It is an incredible failure of modern version control systems that distributed b...

busterarm · on Jan 4, 2018

> It is an incredible failure of modern version control systems that distributed branching means that they're impossible for novices to use.

No it isn't. This is entirely a sales problem.

You may not have noticed, but engineers typically can't use distributed branching either. The volume of tutorial and "i'm in trouble, plz hlp" material out there for Git (and really every other VCS) is substantial. Everyone has a story about how a certain workflow got them into trouble on a project.
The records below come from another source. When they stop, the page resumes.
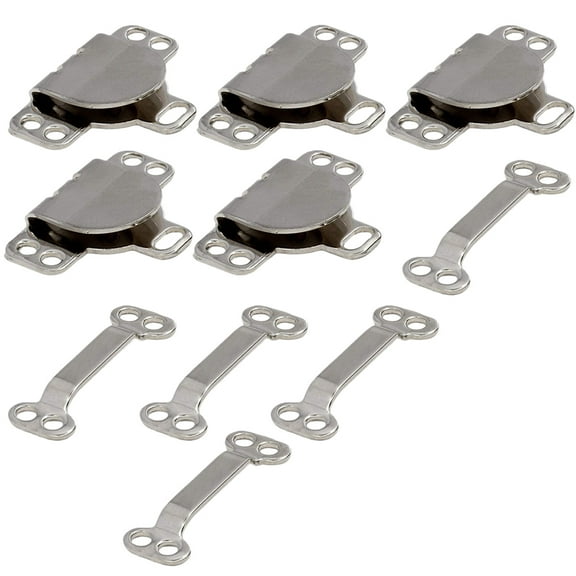 10 Sets Hook and Eye Button Metal Sewing Supplies Skirt Items Bar Fasteners for Trousers Dresses with Jacket Women's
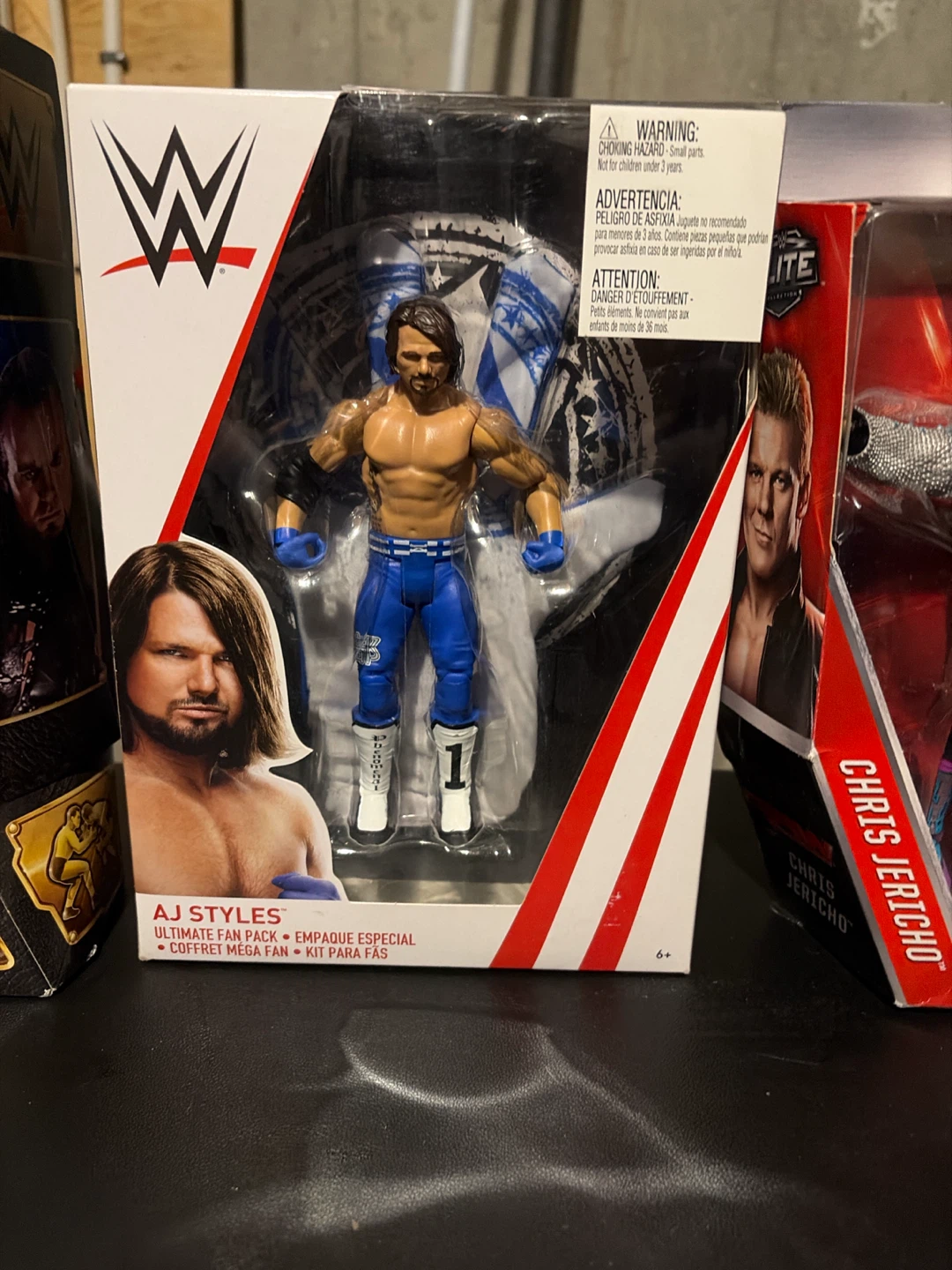 WWE Defining Moments Action Figures - photo 5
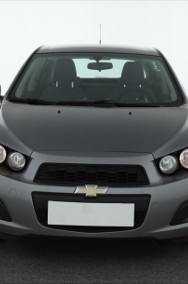 Chevrolet Aveo II (T300) , Salon Polska, Klima, Tempomat, Parktronic,ALU-2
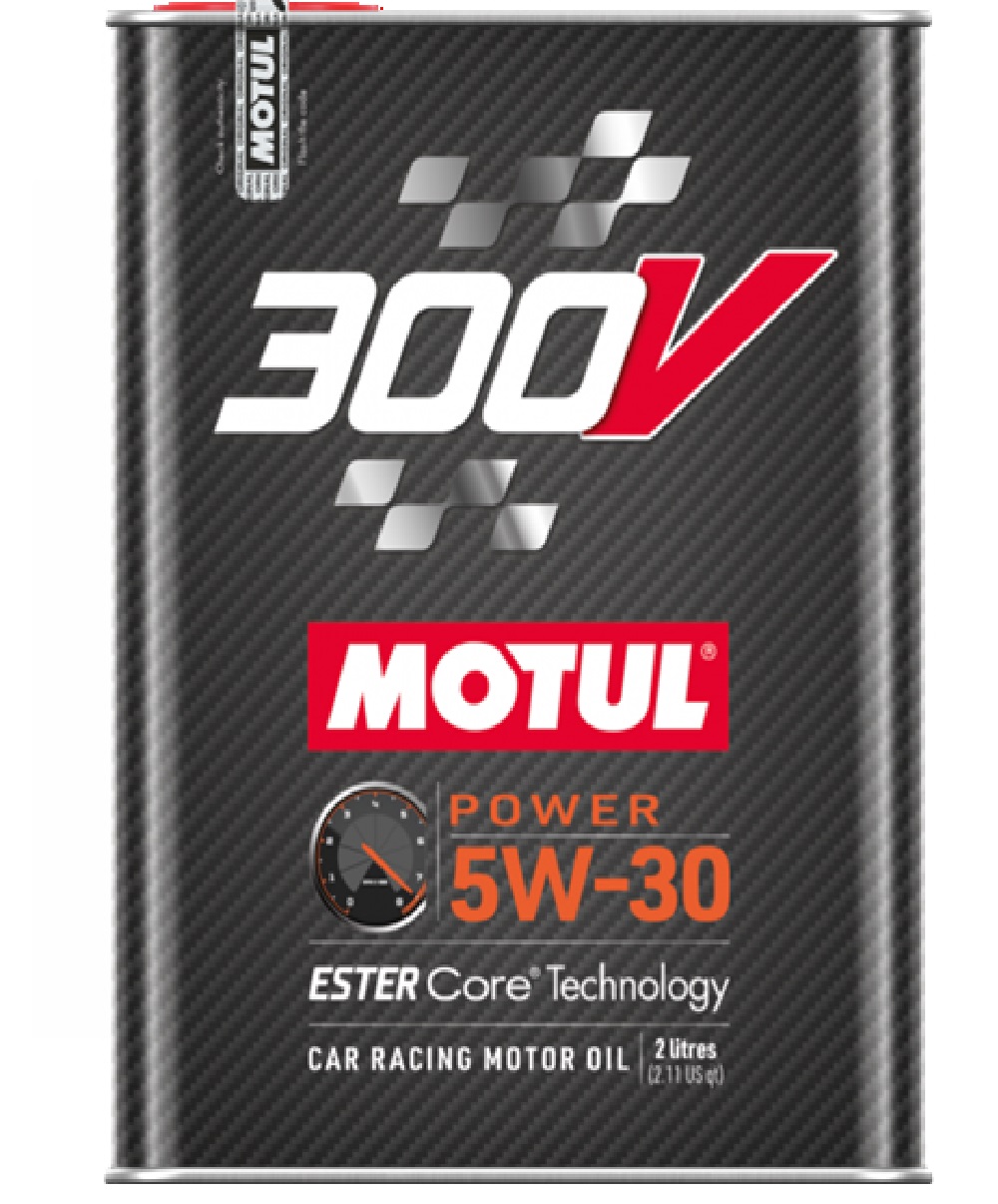Моторное масло MOTUL 300V POWER 5W30 (2 л.)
The thing is, collectively we see a huge value in it, so we make the learning investment to use it. It's only after we learn it (and the pitfalls to avoid) that it's easy.

Novices don't use it because they haven't had the value proposition made to them yet. If you can reframe the argument for why, you'll get them using it.

crdoconnor · on Jan 4, 2018

It isn't a sales problem either. It's a tooling problem.

Git really ought to be treated as a low level tool that is called by a higher level tool that assembles content management workflows designed by developers that can be used by developers and non-developers alike.

Non-developers ought to be able to make 'commits' with git and pull requests without even realizing that git is the underlying tool.

Developers should just script their most common workflows and then use them 99% of the time.

Unfortunately the tooling that sits atop git is largely all shit and people have gotten it into their heads that one needs to have a deep understanding of git's quirks to be considered a 'serious' developer.

bonesss · on Jan 5, 2018

I agree with your premise, but don't understand your conclusion...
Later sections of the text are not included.